During the COVID-19 pandemic, remote work became a necessity. According to Global Workplace Analytics, 25 to 30% of the world’s workforce will be working remotely by the end of 2021.
For several employees, remote work means reducing their risk of exposure to the virus. It’s also the case that working from home saves time that employees would usually spend commuting to and from the workplace.
However, remote work comes with its own set of challenges. Being unable to see colleagues means missing out on engagement and socialization opportunities.
Mentoring someone remotely can be a challenge as well. How are you supposed to guide your mentee attorney when they’re handling an Uber accident case? Or, how can you monitor your mentee when you’re not in the same room?
Here are tips on how to make your mentorship mutually beneficial for you and your mentee.
1. Set ground rules
Be on the same page with yo
ur mentee and clarify what they want to get out of the mentorship, whether it’s skills development or insights.
Figure out how the mentorship will operate. Will you need to check on them, or will the mentee initiate the conversation? How will you hold each other accountable during the mentorship?
2. Establish a communications tool
Since you’re working remotely, you can’t count on impromptu physical meetings. Set a schedule when you’ll have formal meetings, either through phone or video call. For informal communications, sending voice or video messages establishes a personal connection better than text.
Aim for formal sessions that don’t feel forced. Weekly conversations may feel forced, so opt for monthly or quarterly meetings. Make it clear to your mentee that you’re available even beyond scheduled meetings, especially for urgent concerns.
3. Set goals
Guide them through their development by creating key performance indicators. Determine the core competencies you want your mentee to develop and how they will be measured.
Using the performance indicators, work with your mentee in coming up with strategies to meet the set goals.
4. Be accountable to each other
Mentors and their mentees depend on each other to make the situation mutually beneficial for both parties. Establish what actions, projects, and steps to take before your next meeting then do them. Follow up and give updates on your tasks through emails or other communication channels.
5. Send resources
Although you’re in charge of helping your mentee learn, it’s a given that you don’t know everything. Give your mentee the resources they need to grow instead of just giving them advice. These resources can be goal templates, webinar training sessions, and articles.
6. Create systems for feedback and recognition
Create feedback and recognition systems to strengthen the mentoring relationship. For example, you can gather and give feedback on the last day of the workweek.

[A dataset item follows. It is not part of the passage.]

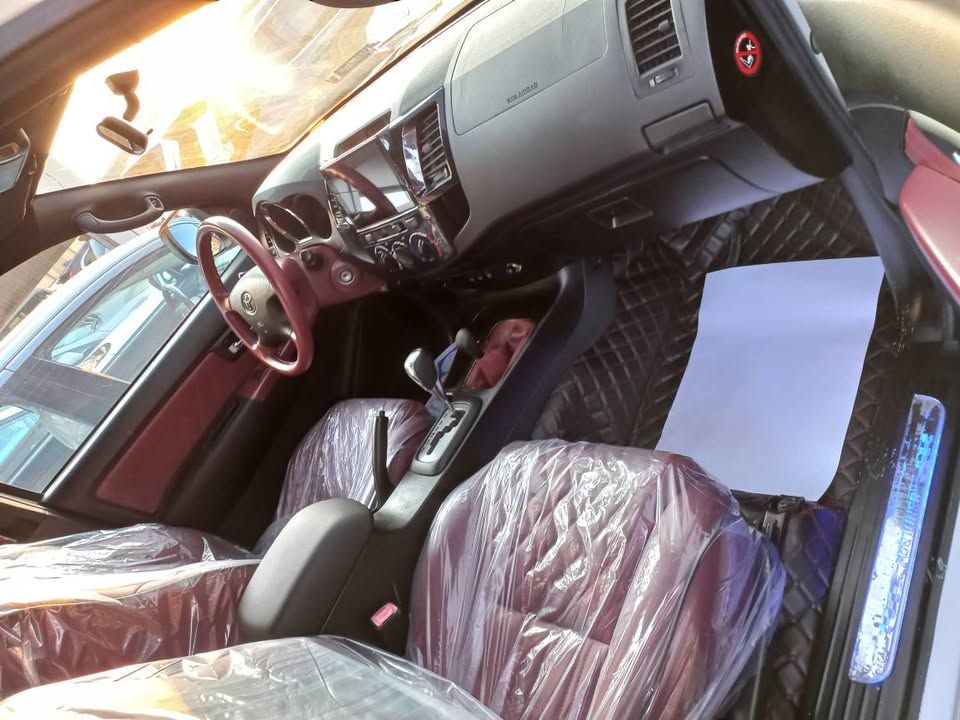 2010 Toyota Fortuner TRD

That way, that day is dedicated to sharing feedback to improve processes and communications, as well as recognize jobs well done.
Make sure that you also receive feedback and recognition. You want the mentorship to be mutually beneficial, so open yourself up to areas for improvement based on your mentee’s experience.
Remote work may be the new norm, but it doesn’t mean you can’t form relationships with your mentee. Follow these tips to ensure that your mentoring is worthwhile for your mentee as it would be if you’re in the same physical workplace.